=== Given data ===
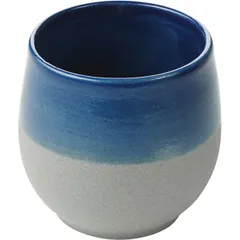 Glass “Nau” ceramics 200ml D=80,H=73mm blue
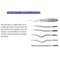 Dental Stainless Steel Orthodontic Tooth Extraction Kit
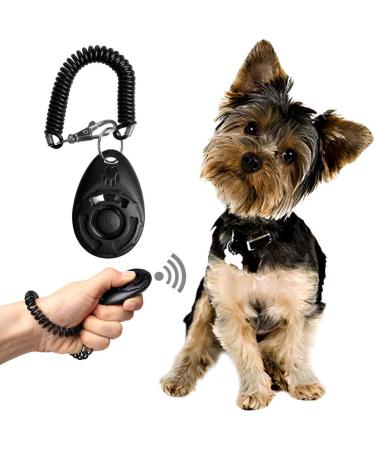 pengxiaomei 4 Pcs Dog Training Clicker Pet Training Clickers Set with Wrist Strap for Train Dog Cat Bird or Other Pets - Buy Online on GoSupps.com
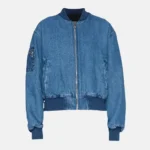 Nobody Wants This Kristen Bell Blue Denim Jacket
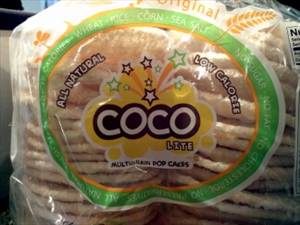 Coco Lite Multigrain Pop Cakes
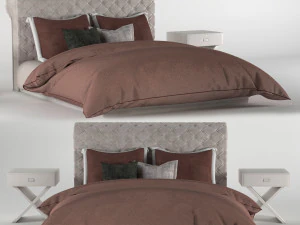 Adler-Schutzbett 3D Modell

=== What you need to do ===
Print once more, exactly, the lines from the one with "Coco Lite Multigrain Pop Cakes" through the last line of the data, both ends included, without any pictures.

=== Response to this task ===
 Coco Lite Multigrain Pop Cakes
 Adler-Schutzbett 3D Modell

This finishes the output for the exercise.